There is no evidence in the record, however, that Plaintiffs made a detailed claim to the IRS prior to filing the September 5, 2006 Complaint in the United States Court of Federal Claims. Although the record is replete with numerous written communications in which Plaintiffs mention that certain docu*135ments are attached for IRS consideration, no documentation even appears to have been provided. See, e.g., PX, pt. 3 at 3, 4, 8, 9,13, 45. Without this information, Plaintiffs cannot establish that they adequately described the basis of their refund claim. See Mobil Corp., 67 Fed.Cl. at 718 (“‘a ground for refund neither specifically raised by, nor comprised within the general language of, a timely ... application for refund to the Internal Revenue Service cannot be considered by a court in which suit for refund is subsequently initiated.’” (quoting Deluxe Check Printers, Inc. v. United States, 15 Cl.Ct. 175, 181 (1988))).
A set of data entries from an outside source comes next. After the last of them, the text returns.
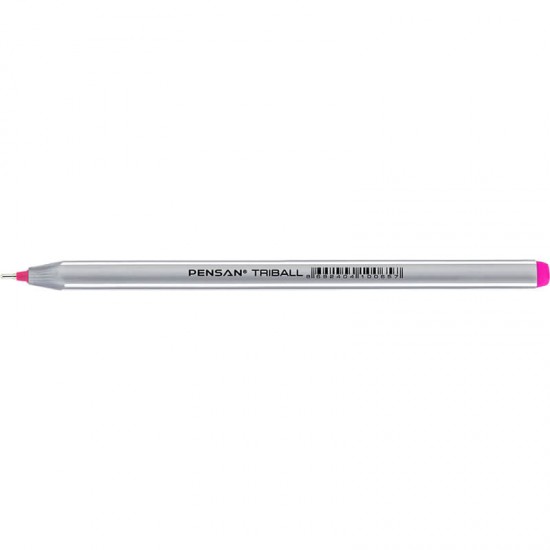 PENSAN 01003 TRİBALL TÜKENMEZ KALEM 1.0MM PEMBE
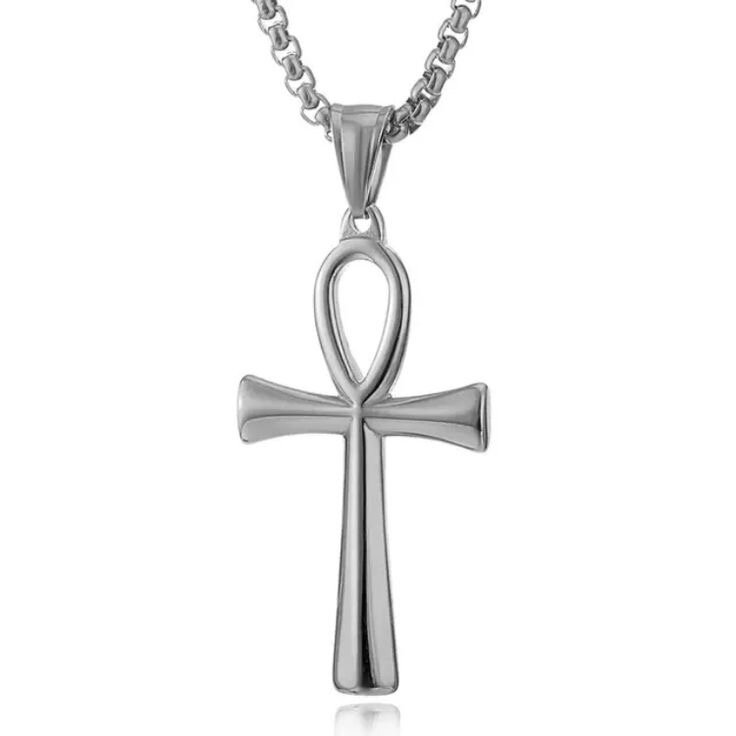 Collier Croix Ankh Acier
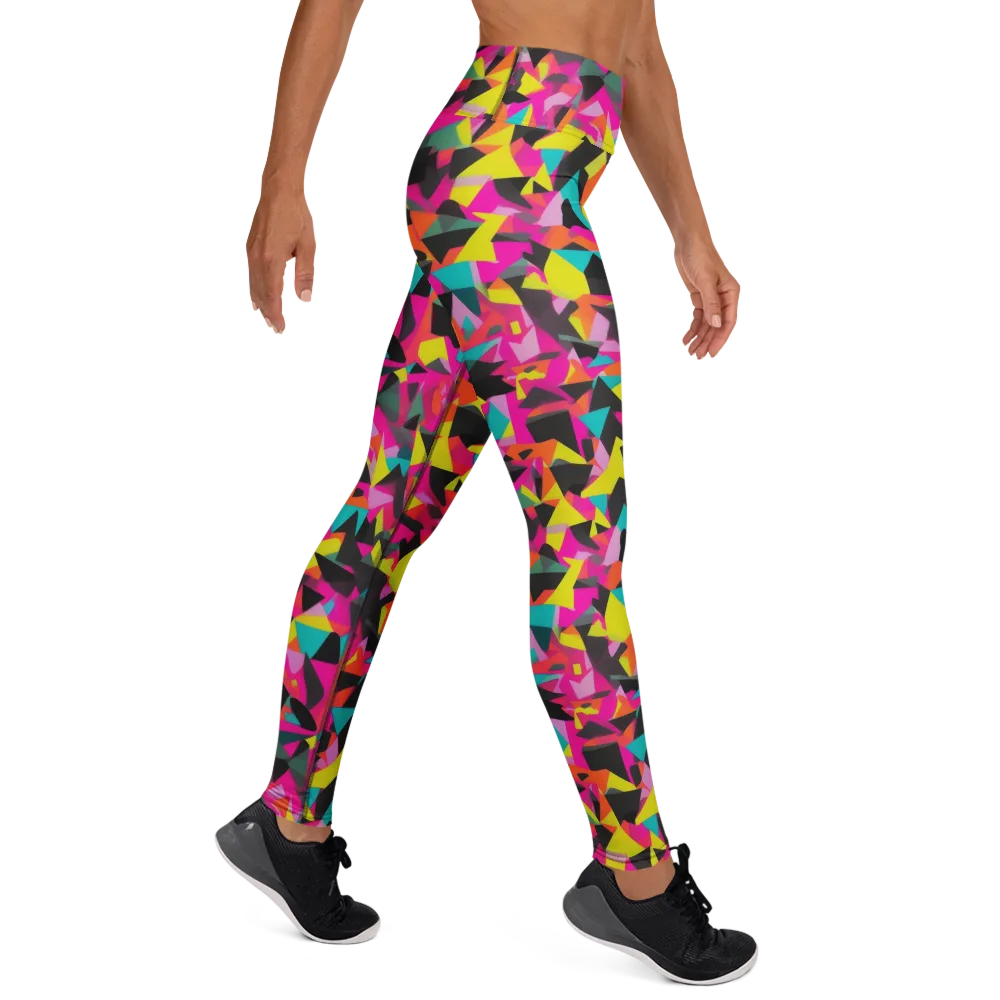 Afterparty Geometry on Yoga Leggings — Right
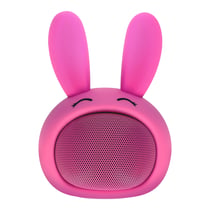 Enceinte Bluetooth 3W Autonomie 3h Design Lapin Lumineux Moxie Rose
In Western Co. of North America v. United States, 323 F.3d 1024 (Fed.Cir.2003), the United States Court of Appeals for the Federal Circuit invoked the informal claim doctrine “where the IRS made an internal error ... that caused assessment of an erroneous penalty against a taxpayer.” Id. at 1034-35. In that case, the plaintiff solicited information from the IRS related to that penalty, but also made supplemental claims that met the formal statutory requirements. Id. This factor appears to have been crucial to the appellate court’s finding that the plaintiff adequately described its refund claim. Id. In this case, Plaintiffs’ solicitations to the IRS neither adequately described the basis of their claim nor documented its veracity. See PX, pt. 3 at 36, 57 (‘What records of ours do you have on file (suspect much of our file is lost)? [Wlould like to set a time and go through returns line item by line item to see where you are getting your figure[.]”). Furthermore, there is no evidence of any internal IRS error that would be dispositive of Plaintiffs’ claim and Plaintiffs did not file any related or supplemental formal claims. Accordingly, the court has determined that, in this case, Plaintiffs did not adequately describe the basis of their claim to the IRS.
IV. CONCLUSION.
For these reasons, the Government’s June 4, 2007 Motion to Dismiss is granted.
IT IS SO ORDERED.
. Facts recited herein are derived from: Plaintiffs’ September 5, 2006 Complaint ("Compl.”); a thirteen-part exhibit attached thereto (“PX" [numbering begins at 2, for consistency with the Plaintiffs' numbering system]); the Government’s January 5, 2007 Motion for a More Definite Statement ("Gov’t Mot. Def."); Plaintiffs’ May 21, 2007 More Definite Statement ("PL Stat.”); the Government’s June 4, 2007 Motion to Dismiss ("Gov’t Mot. Dis.”), and three-part exhibit attached thereto ("DX”).
. See Gordon v. United States, 227 Ct.Cl. 328, 649 F.2d 837, 839 (1981) (holding that a statute granting United States District Court jurisdiction over illegal levies for third-party tax liabilities did not deprive the United States Court of Federal Claims of jurisdiction of such cases, as indicated in the statute’s legislative history).